Gary Schwartz: Awesome. Thanks. Next question that's come in is, how do I get access to the binary? And just to upload it to your system?

Thomas Pace: Yes, this this is a it's a really important question. There's a number of ways that we can get things uploaded into our platform. Number one, we build we have a number of scrapers that just go out on the internet and find these things where they're available and help curate and build, our data set on a recurring real time basis. The, you know, other ways as we build integrations with things like patch management solutions or application inventories that exist, pulling things in from systems of record like ServiceNow. We have technology partners who go out and, you know, aggregate all of this information and we can pull from them, into our platform. And then even just changing and updating, as I kind of mentioned earlier, how software gets into the environment over time. So if if you're buying a piece of software before it gets installed, it gets uploaded into NetRise that that is essentially a net new way to get data in. So there's a there's a number of ways, we go about doing this. And then once we're working with customers themselves, they can get access to the things that they're buying and then upload that to us as well, where we might not have that level of access.

Gary Schwartz: That's awesome. Thanks Tom. So the first question that I see over here is, how do I use that information for leverage with like what what what do you have in your to me experience and helping us solve that?

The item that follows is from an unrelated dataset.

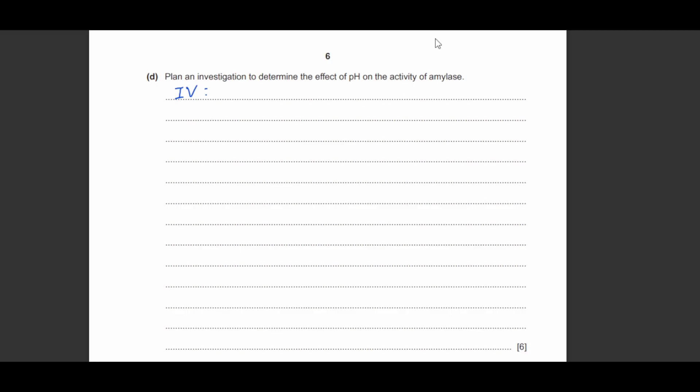So if we have a look at this question, the question asks us to plan an investigation to determine the effect of pH on the activity of amylase. So whenever you are planning an investigation, the first step you want to identify and the first thing you want to write down is actually the independent variable.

Thomas Pace: So the way that we find our, our customers are leveraging this information with their, their vendors and OEMs is around a number of different approaches. Number one, creating a baseline to understand, what's the risk associated with a vendor in general. And then over time, comparing that to the other OEMs that they're working with and, and trending that to say, is this vendor getting more risky or less risky? And most vendors are incredibly receptive, once they have this kind of data because essentially what they're getting is a, a free assessment and a free security assessment from their customer. And so what tends to happen is the customer has some set of priorities of things that they want to see resolved or mitigated or remediated. And then they send that to the OEM either directly or we do that, oftentimes for our customers. And this is an area where, Ben's team also, supports these efforts, where they're essentially acting as the interface to the OEMs, because it can be a lot to manage, potentially, depending on how big the organization is and what kind of issues, that they are identifying. But those are some of the ways that we, we interface with the OEMs and, and help essentially, you know, this problem is going to get solved from the software buyer's perspective, because if a buyer provides feedback to a an OEM, that OEM is not going to only fix it for that buyer, they're going to fix it for all the buyers. And so essentially you have a, you know, rising tide lifts all boats, scenario here. And that's really the big win for software supply chain security over time.